_Data for this task:_
====================

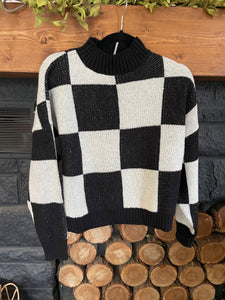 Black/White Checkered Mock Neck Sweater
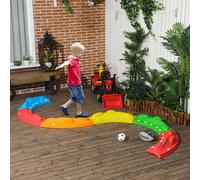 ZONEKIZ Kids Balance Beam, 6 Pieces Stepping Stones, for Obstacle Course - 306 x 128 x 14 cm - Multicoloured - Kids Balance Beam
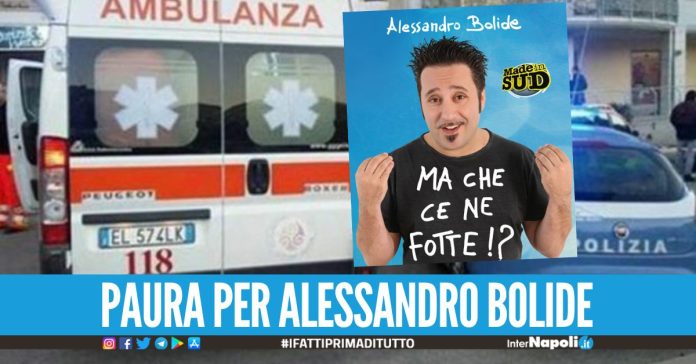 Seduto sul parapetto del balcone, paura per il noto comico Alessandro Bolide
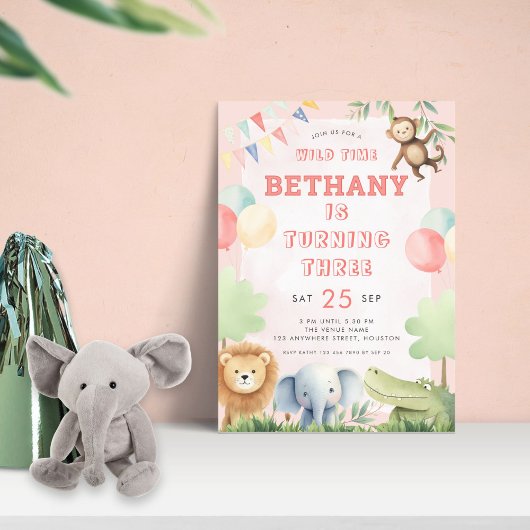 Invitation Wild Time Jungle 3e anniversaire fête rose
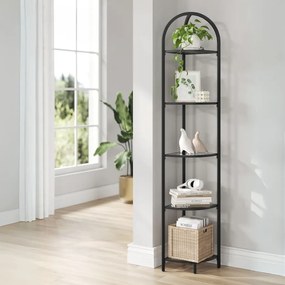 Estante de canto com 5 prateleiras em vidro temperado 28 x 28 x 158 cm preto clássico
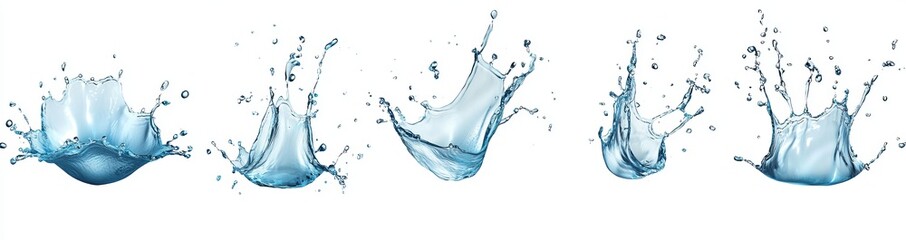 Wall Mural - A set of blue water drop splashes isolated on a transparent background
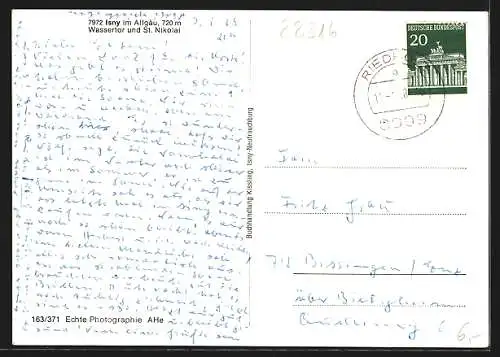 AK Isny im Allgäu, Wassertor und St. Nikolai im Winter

====================

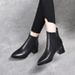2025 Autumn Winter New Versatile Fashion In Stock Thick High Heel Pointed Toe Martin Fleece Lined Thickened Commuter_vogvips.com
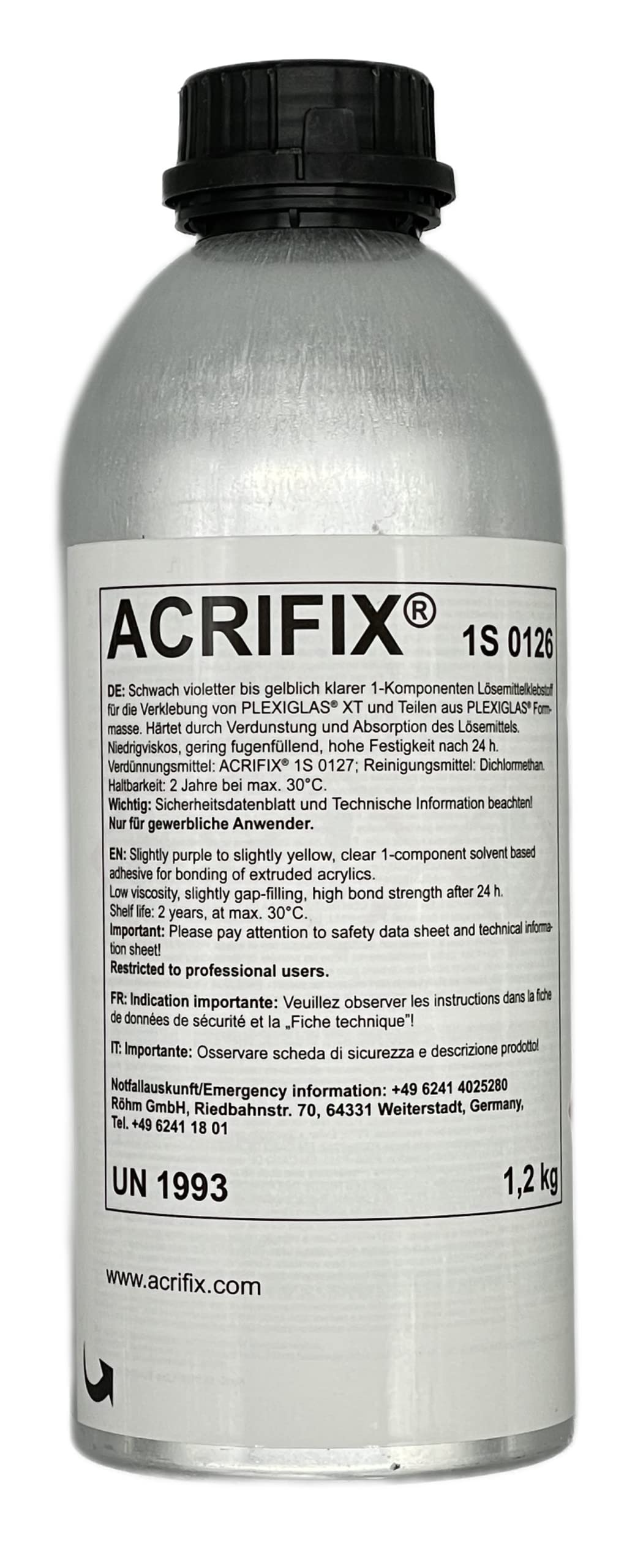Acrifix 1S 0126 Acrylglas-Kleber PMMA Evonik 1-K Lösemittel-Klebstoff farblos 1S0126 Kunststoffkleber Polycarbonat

====================

_Work request:_
Using the records above, print exactly the lines between the ones containing "Black/White Checkered Mock Neck Sweater" and "Seduto sul parapetto", inclusive, and nothing else; no pictures.

_Reply:_
 Black/White Checkered Mock Neck Sweater
 ZONEKIZ Kids Balance Beam, 6 Pieces Stepping Stones, for Obstacle Course - 306 x 128 x 14 cm - Multicoloured - Kids Balance Beam
 Seduto sul parapetto del balcone, paura per il noto comico Alessandro Bolide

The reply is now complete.